Recently I came across a doubleclick.com digital marketing piece touting Google's latest search technology, Google Search Appliance 6.0. The inviting web ad promised:  "Google brings Findability to Enterprise Search".

The list of oohs and aahs includes:

  • Dynamic Scalability to thousands, millions, even billions of documents.
  • Linking multiple search engines (federated searches) separated across departments or geographies to provide a unified set of results.
  • Syndicated searches of up to 30 million documents.
  • Fine-tuning relevancy by using latest technologies in search algorithm and search result ranking.
  • Customizable security.
  • User-centric search enhancements such as "User-Added Results" and "Query Suggestions."

While the new Google Search Appliance (GSA) represents another hopeful step towards the Holy Grail of Search, it is also a potential antidote to the current state of e-discovery -- at least from a strategic perspective.  The cost of litigation appears to be at a breaking point where containment hinges on effective ESI searches and collaborative e-discovery maneuvers.  Although Google's search technology may be primarily designed for Intra/Extranet implementations, GSA could also serve to reduce litigation costs by helping lawyers cull through exabytes of electronically stored information.

Finding an efficient means for culling through those exabytes cannot happen a moment too soon.  Electronic discovery not only increases the costs of litigation, it also diminishes the legal profession. 

According to a 2008 American Judicature Society (AJS) report, discovery abuse in civil cases presents a significant problem.  Indeed, nearly half of survey respondents (45 percent) indicate they believe that discovery is abused in every civil case.  Moreover, 71 percent agree that attorneys use discovery as a tool to force settlement.  An astounding 81 percent of AJS report survey respondents stated that their firms turn away cases when it is not cost effective to handle them, and 83 percent said that litigation costs drive cases to settle that deserve to be tried on the merits. 

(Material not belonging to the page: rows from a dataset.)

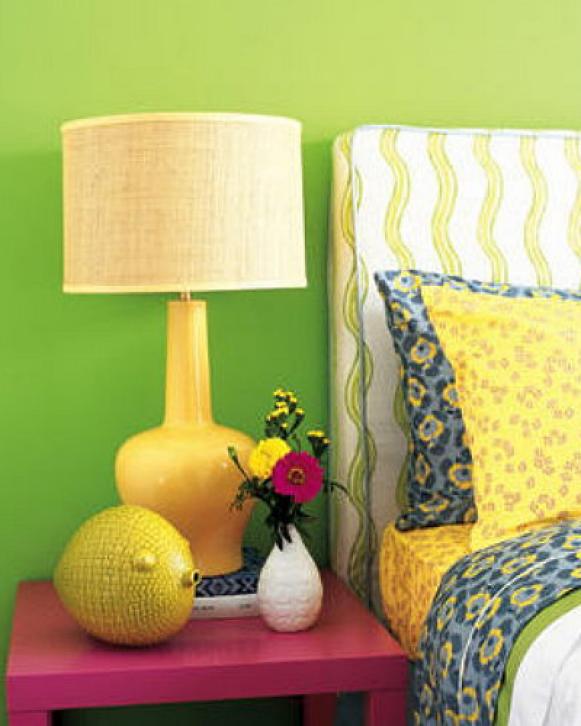 Yellow Lamp On a Pink Night Stand Against a Green Wall 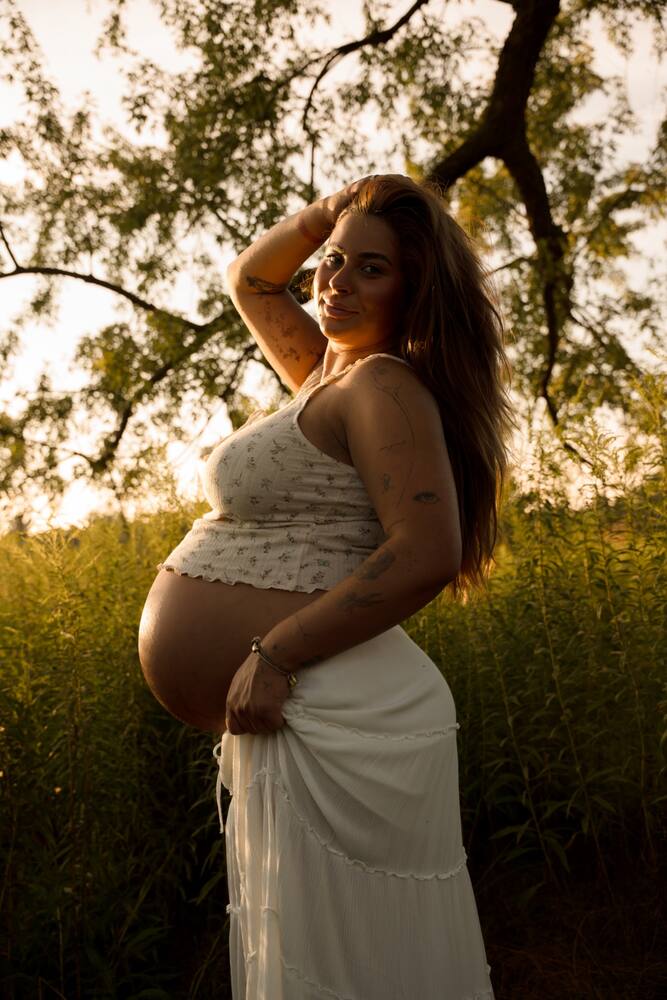 Outdoor maternity portrait in a white dress
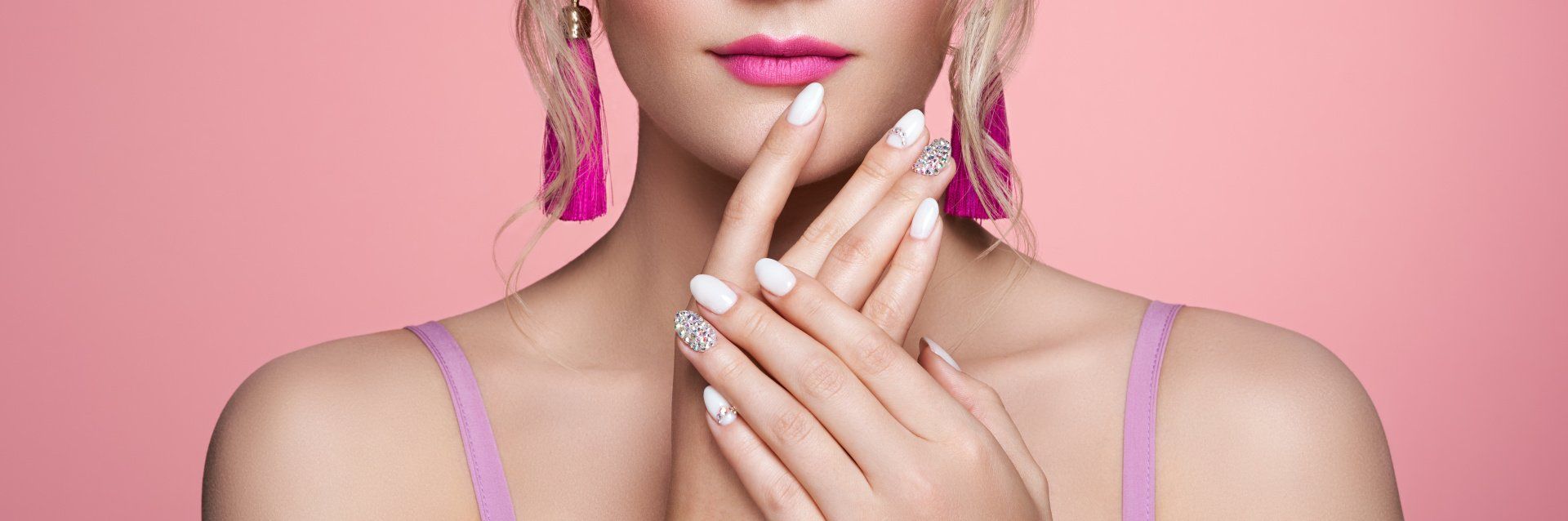 A woman with white nails and pink earrings is covering her face with her hands.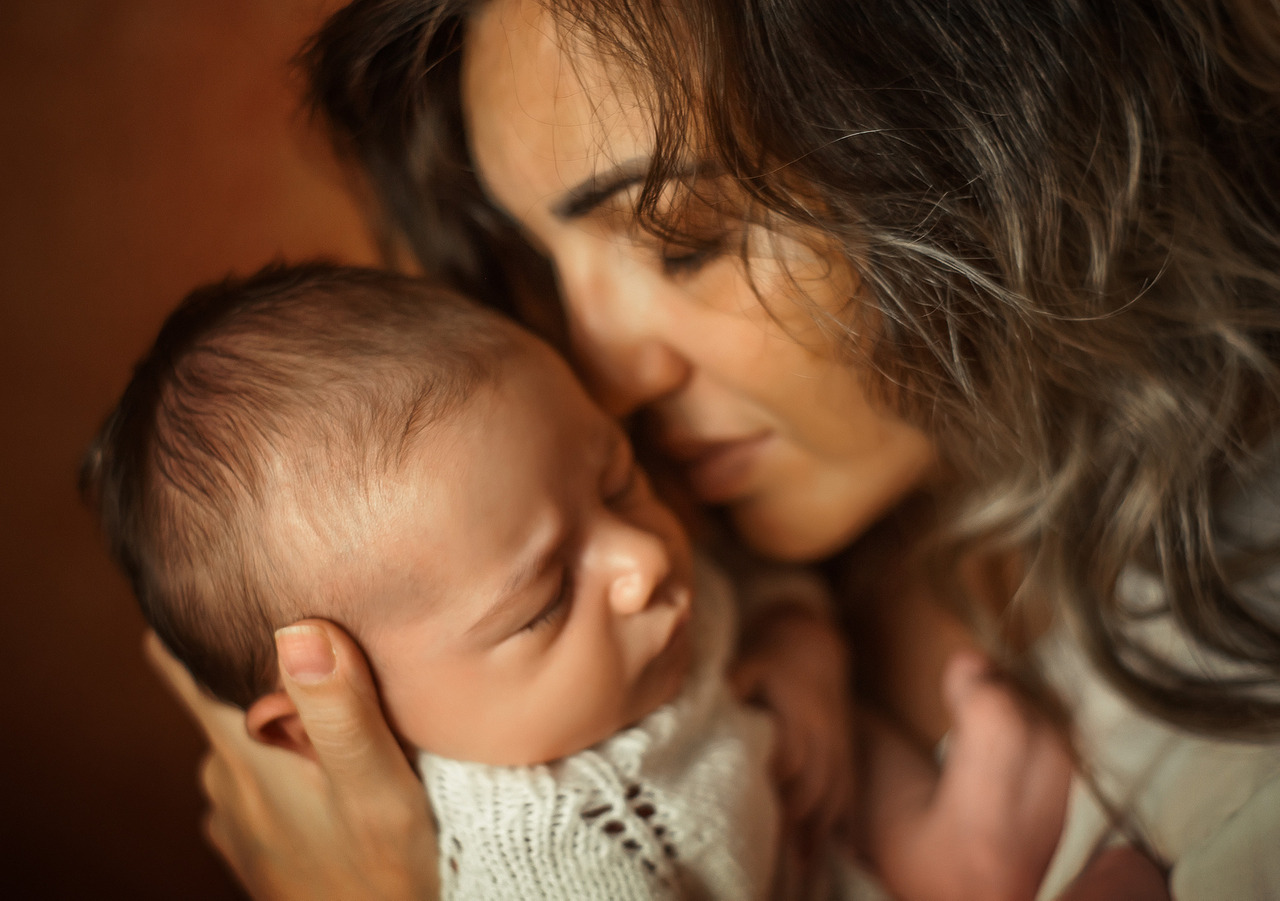 Mãe com bebê recém-nascido no colo, em guia da fotógrafa Aline Fontes para mães sobre fotos dos filhos nas redes sociais, imagem infantil e privacidade.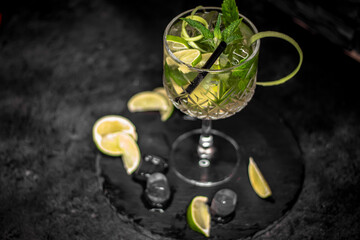 Cocktail Mojito drink with peppermint citrus lime slices in crystal glass on a dark black gray background bar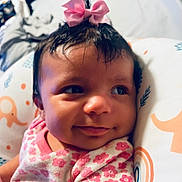 Gianna is registered to the contest to win money with this photo: baby, child, smile, pink_bow, floral_clothing, cushion, elephant_pattern, rainbow_pattern, face, portrait, indoors, cute, infant, resting, soft_lighting, closeup, cheeks, happy, young_child, headwear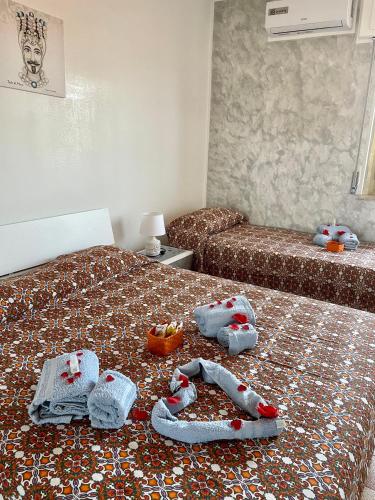 a bedroom with two beds with stuffed animals on them at B&B Marrelli Crotone in Crotone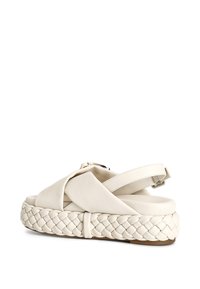 Bílé kožené sandály s pletenou podrážkou, designem křížových pásků, nastavitelným páskem kolem kotníku a hladkým povrchem.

The end result is that some deserving cases are not brought, and some meritless cases are settled out of court -- not because of the strength of the parties’ claims, but instead because the cost of pursuing or defending those claims fails a rational cost-benefit analysis.  According to Ralph Losey, e-discovery has become a threat to the U.S. legal system.  And that threat is pernicious and spreading.

In his e-Discovery Team blog, Losey -- himself a trial lawyer -- asserts that trial lawyers wrongly blame runaway e-discovery costs on poor rules, laws, and judges.  According to Losey, the true cause of escalating e-discovery costs is the legal profession's failure to keep pace with the dizzying advances of new technologies.

In my opinion, there's plenty of blame to go around when it comes to e-discovery and the rising cost of litigation.  Among other things, there is lack of knowledge on e-discovery issues and technologies; poor planning, selection and application of appropriate technologies to initiate effective searches; failure to collaborate and communicate effectively among counsel and IT staff; and, in particularly eggregious situations, wholesale adoption of the ostrich head-in-sand approach to e-discovery.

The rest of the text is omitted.